Learning #2: Work more strategically, identifying key stakeholders and their concrete needs rather than making assumptions and jumping into analysis.
During these stakeholder meetings, we came up with one or two concrete use cases that we could explore with each group right away. By breaking down and exploring individual use cases, we avoided devoting large chunks of time to creating a bulky report that lacked context—a report that stakeholders might skim briefly, then discard. Pursuing individual use cases enabled easier execution, evaluation, and refinement.
By starting small, we could focus our efforts on the most important use cases, then build on our success over time. By demonstrating clear impact and positive outcomes early on, we increased stakeholder buy-in and confidence.
Learning #3: Break large daunting tasks into more manageable chunks, then iterate, test, and refine incrementally.
The next time you feel overwhelmed by large amounts of data, take a deep breath and acknowledge that you already have the skills you need. Take a step back and think about what you’re trying to achieve overall. Ask yourself these questions:
- What is your ideal outcome?
- Who are your stakeholders?
- What are they trying to accomplish?
- What data is available?
- What analytical methods are available?
- How can you use this data to help answer your stakeholders’ burning questions?
- Who else can help you analyze the data?
- How can you make your output optimally digestible and impactful?

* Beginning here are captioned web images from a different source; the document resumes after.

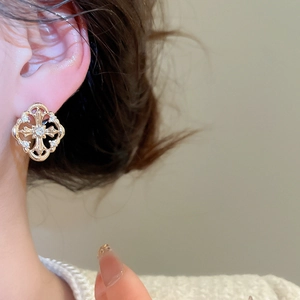 Close-up of vintage golden cross earrings with zircon pavé worn by a female model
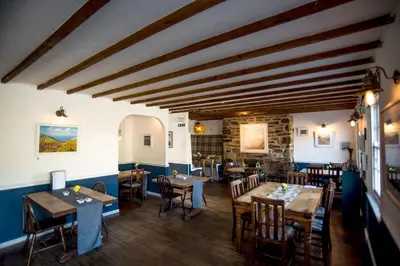 a dining room with wooden tables and chairs at Victoria Inn in Penzance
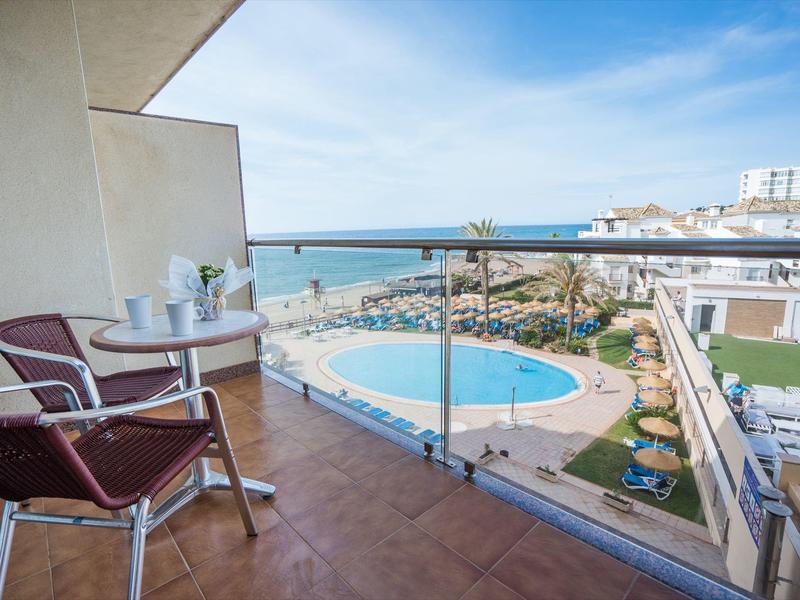 Balkon mit Tisch, zwei Stühlen und Blick auf Pool, Strand und Meer bei klarem Himmel.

Applying Design Thinking When Working with Data
You can apply the design-thinking process shown in Figure 1 when tackling data problems.
Image source: “What Is Design Thinking? A Comprehensive Beginner’s Guide,” by Emily Stevens, on Career Foundry.

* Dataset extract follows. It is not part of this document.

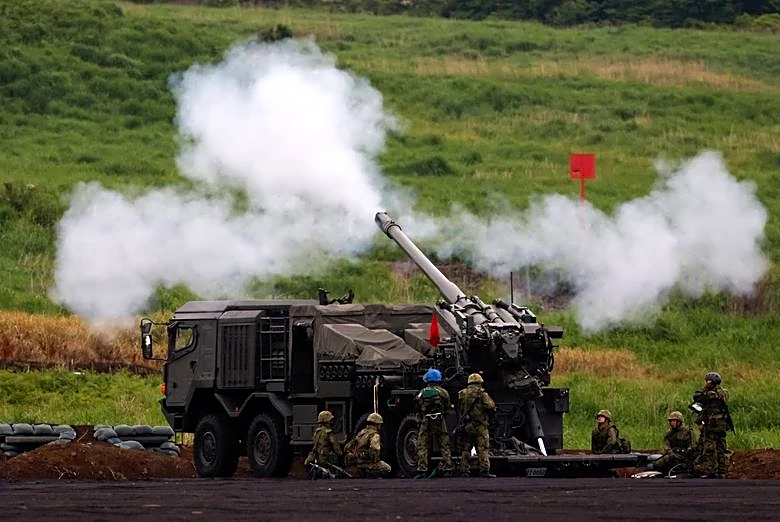 Japan casts military buildup as path to economic prosperity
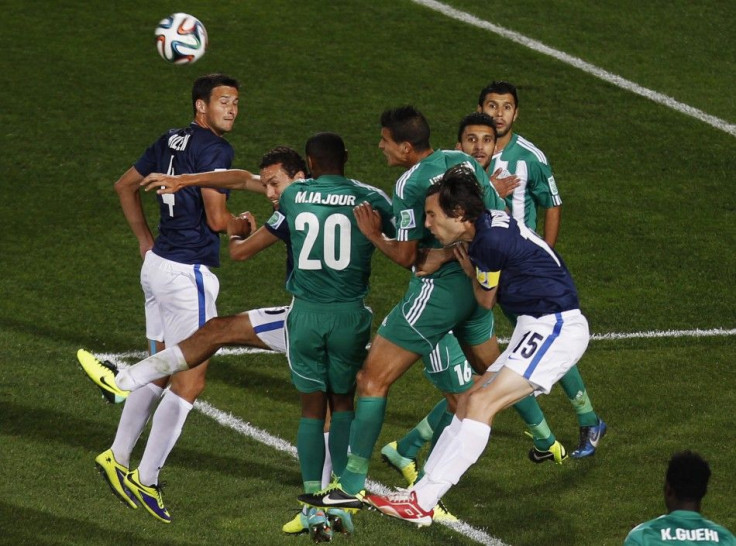 Raja Casablanca and Auckland City FC&#039;s players fight for the ball during their FIFA Club World Cup soccer match at Grand Stadium in Agadir December 11, 2013. Raja Casablanca, representing host nation Morocco, needed a stoppage-time goal from Abdelila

To act on your product-usage data, follow these steps:
- Empathize—Identify the stakeholders for your data analysis.
- Define—Identify your stakeholders’ main goals, questions, and the problems they need to solve.

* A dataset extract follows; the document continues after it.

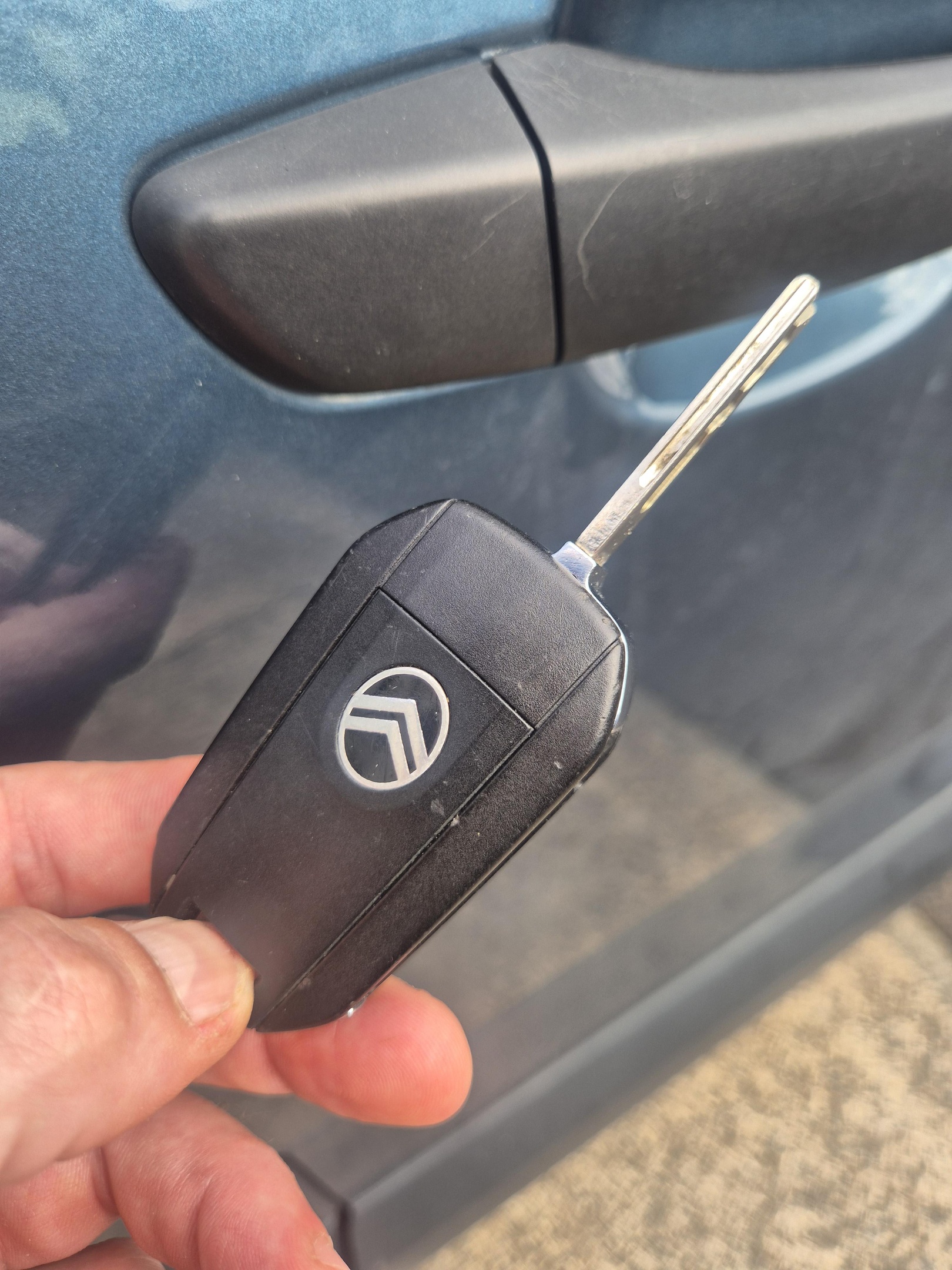 New Citroen Berlingo transponder key fob being held next to green van showing black fob with Citroen logo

- Ideate—Determine concrete use cases for the data for each set of stakeholders.
- Prototype—Compile, synthesize, and analyze the relevant data for each use case.
- Test—Present your data findings and insights to your stakeholders, asking whether they’re useful and actionable.
- Iterate and refine—Based on stakeholder feedback, iterate and refine your analysis and data presentation as necessary.
- Expand—Add more use cases and repeat this process.
Data collection alone is not enough. You need to make sense of your data, then act on it. Instead of becoming overwhelmed by analysis paralysis and falling into inaction or waiting for the perfect solution to come to you, jump in and put your design-thinking skills to work. Identify the key stakeholders who could and should act on the available data, then learn about and understand their core questions. Instead of working in isolation and making assumptions, collaborate with your stakeholders to review the available data and brainstorm possible use cases. Working together and starting with concrete use cases can save you countless time and effort and make your work infinitely more impactful.